While there is no doubt that auto-enrolment is a positive move, with opt-out rates far lower than expected at around 10 per cent, the devil is in the detail, as these stories show.

A FTAdviser commentator said on the latter story: “...the framework proposed is proposterous. If this works I will eat my hat, the logistics and complexity of it all make it unworkable in my eyes.”

Perhaps the government should be working on removing the complexity, as opposed to adding further unnecessary layers.

Credit where it is due

The Financial Conduct Authority should be applauded for finally giving a little clarity to the issue of consumer credit, however the real elephant in the room is still who needs one.

This week the regulator did not announce which financial advisers will need one, but it did amend the fee structure so that smaller firms are not hit with fees of up to £15,000 for a two-year licence. It was an extraordinary move in some respects, as the proposed structure is still subject to an active consultation itself.

The new structure will include an overlay based on a firm’s income. The previous categorisation was based solely on the complexity of the firms activities.
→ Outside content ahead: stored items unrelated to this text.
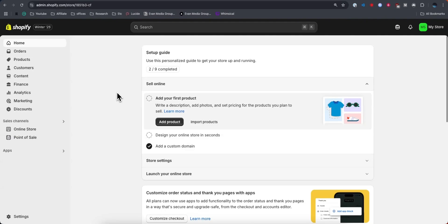Hey everyone, in this video I want to show you how you can find your Shopify store URL or the link to your Shopify store. It's pretty simple to do, so let's go ahead and get started.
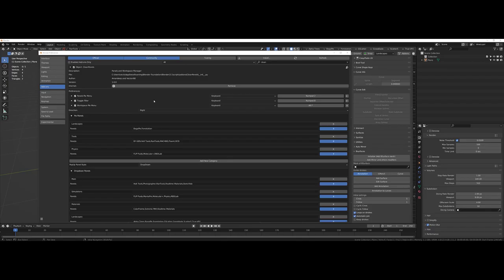Hey everybody, this is Vector66 and Amandeep. We are introducing to you CleanPanels.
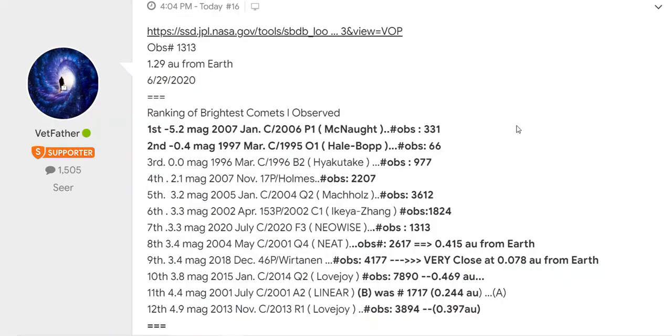If you look at the twelve, the first one being minus 5.2 - that was McNutt, had only 331 observations. And the most on this list here is number 10, Lovejoy - it had 7,890 observations.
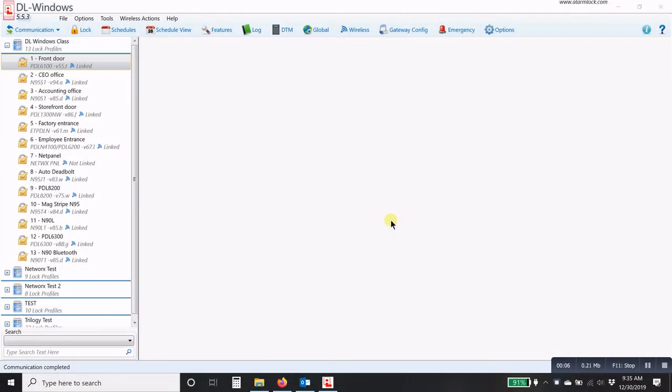Welcome again to the AlarmLock YouTube channel. My name is Andy Phelps and I'm the National Training Manager for AlarmLock. Today I want to show you how to upgrade the firmware in the network locks.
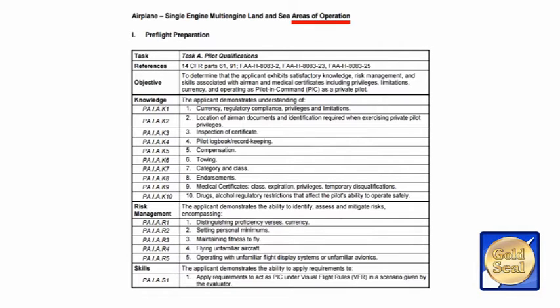The Airman Certification Standards has several Areas of Operations within it, and each one of these areas is a specific area that the FAA deems you should know. So if we look at a very specific area of operation, you can turn to your ACS and look at Area of Operation 1, and you can see that that area of operation would be Pre-Flight Preparation. If we look at Task A under Pilot Qualifications, we can see that it has several items underneath it within the area of operation.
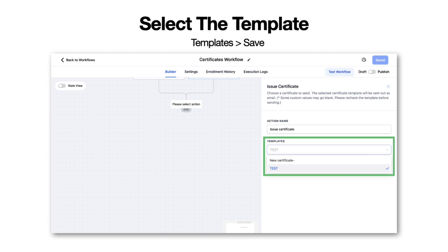A practical example: your trigger would be that the contact completed the course, and so issuing the certificate would be a follow-up action you could take by sending them that certificate.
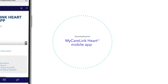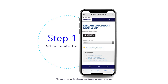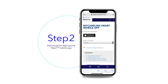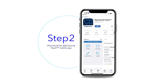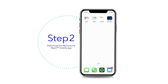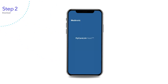Visit mclheart.com/download to download the MyCareLink heart mobile app. You will be directed to the App Store or Google Play Store. If your smartphone or tablet is compatible, you can tap to download the app. Once downloaded, open the app to launch MyCareLink heart and start the setup process.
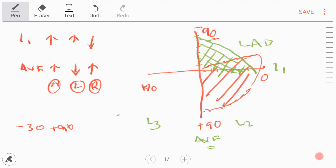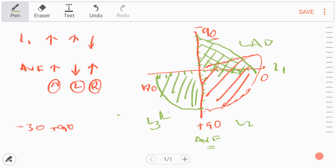To look for right axis deviation, Lead I has a negative wave and AVF has a positive wave. Mark the positive AVF value going downward, and Lead I is going to be negative, so mark it in the negative direction. Where those two values meet on the diagram will show you the right axis deviation. Using this method with small squares gives you a good idea of where the axis lies.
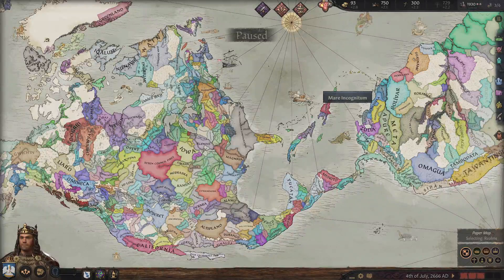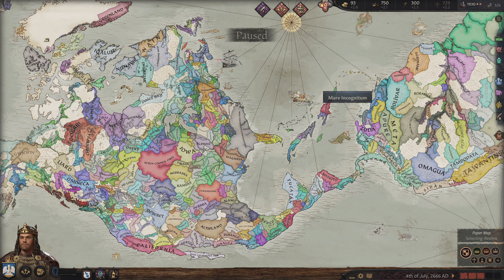Hello everybody. I'm here to show you how to orientate the map for the After The End mod. As you can see it's horizontal right now, and most people like me would want to play vertically, just because that's how you're oriented through your map throughout history.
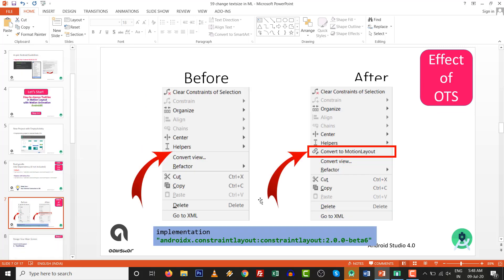By default we will not get the option to convert to motion layout. If you upgrade to ConstraintLayout 2.0.0, then you will get the option of 'convert to motion layout'. So let's start.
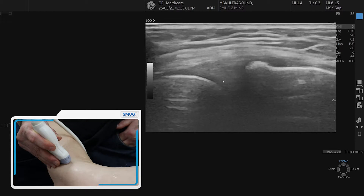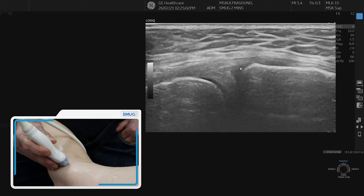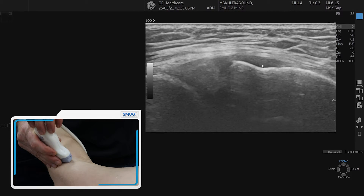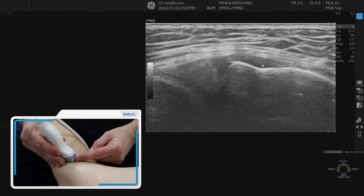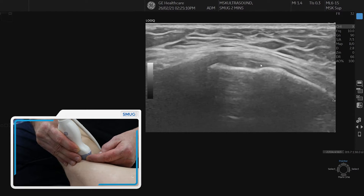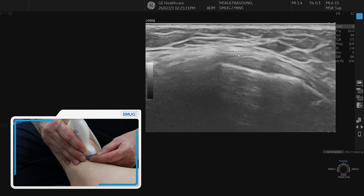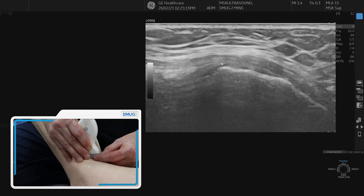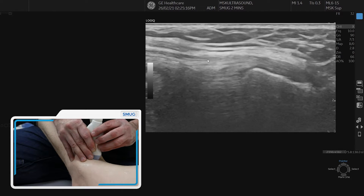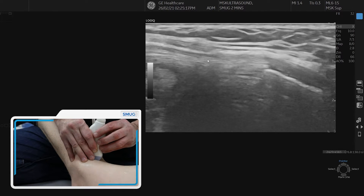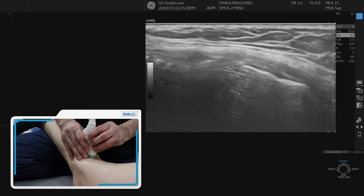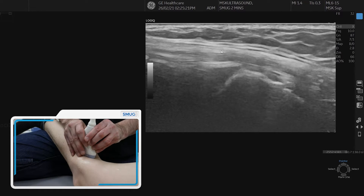To line up the fibers of the semimembranosus, we're going to turn the proximal part of the probe medially — fish-tailed — until we see the longitudinal fibers of the semimembranosus coming through. That's your first assessment point: the semimembranosus tendon.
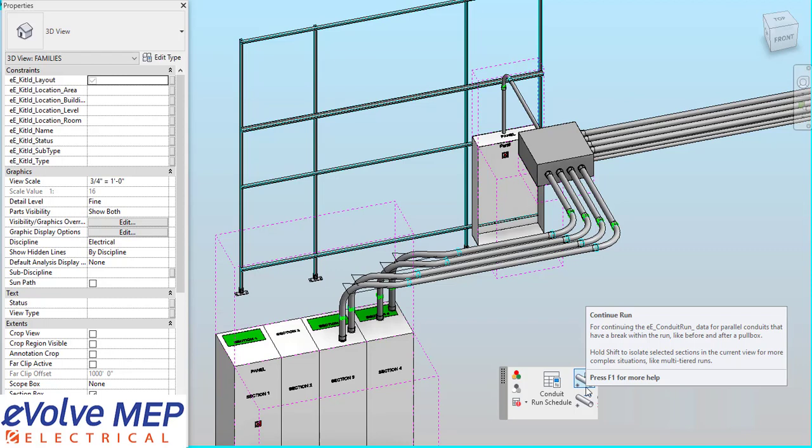Hello, this is Amber Zinke with Evolve Electrical. Today we're going to be talking about the Continue Run feature within Evolve Electrical.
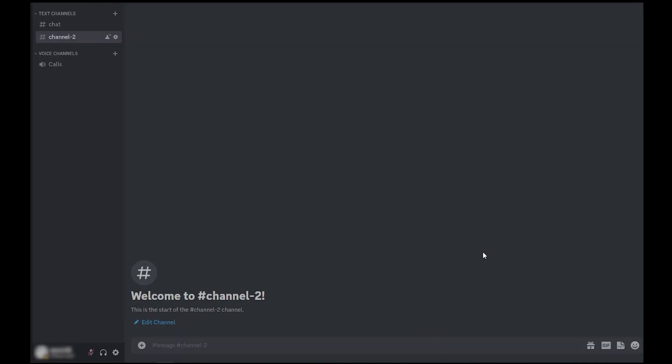You now have found the Discord ID. Well, I hope that you have found this tutorial useful. Don't forget to like, share, and subscribe. Thank you.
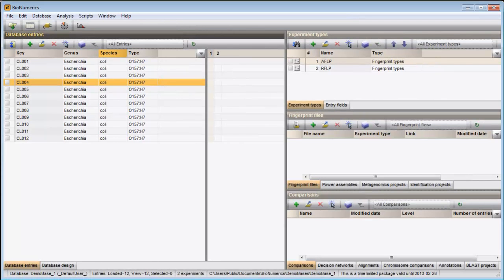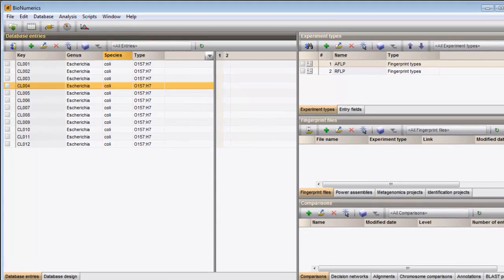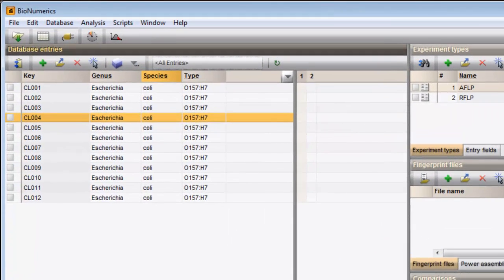In this video I will demonstrate how database information can be added to the Database Entries panel. This panel is located on the left-hand side in the main window.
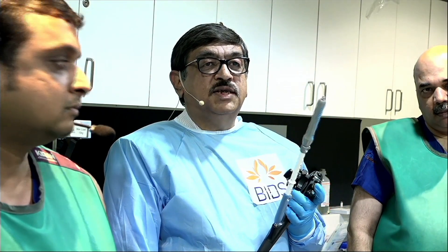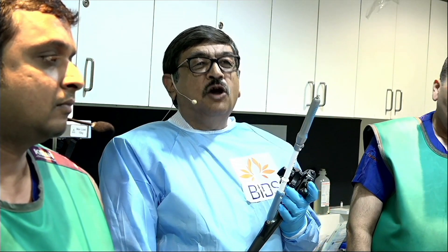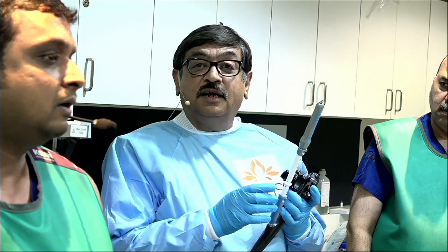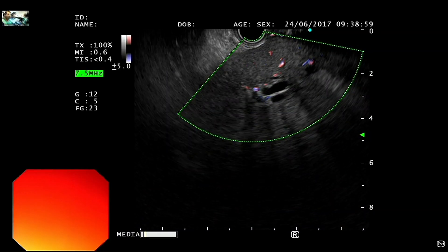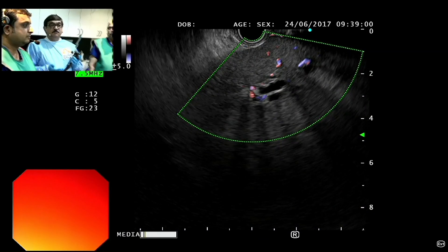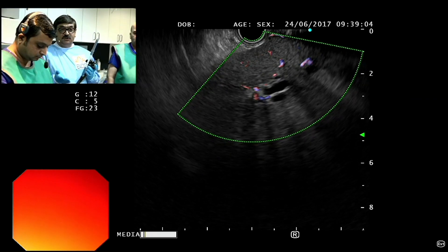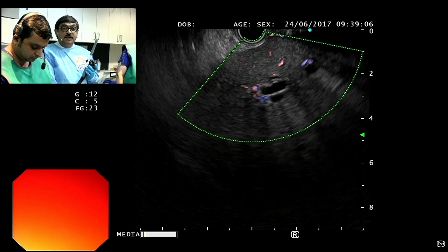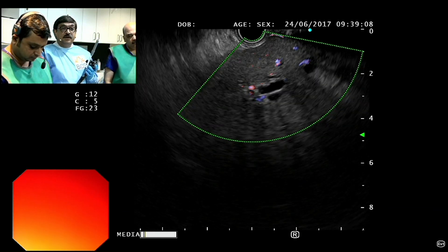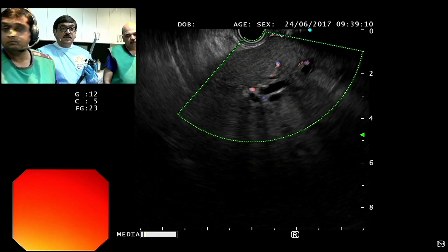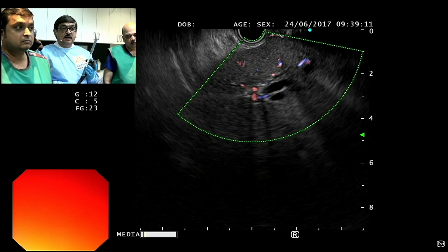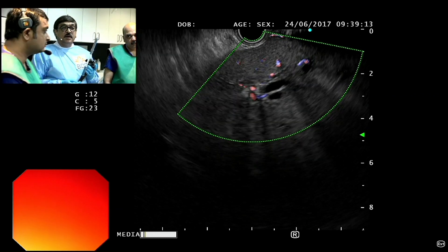So we are planning to do a US-guided antegrade placement. The normal routine here is that when a patient comes with a failed ERCP, we would do an ERCP first. But since this conference is here, we thought we would take this liberty and do this case directly with the US-guided drainage.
Last month, the FCA’s homepage had a new addition, which urged businesses to register for interim permission for a consumer credit licence before its generous offer of a reduced fee lapsed at the end of November.

The problem was, and still is, that advisers do not know if they need a licence or not.

While the FCA seems to have finally bowed to pressure, it has once again missed the point. It needs to inform advisers whether they need a consumer credit licence or not. As the Association of Professional Financial Advisers said earlier this month, it’s too costly to get one ‘just in case’.

I doubt this will be announced while the consultation is ongoing so advisers will have to wait with bated breath until the guidance is eventually published.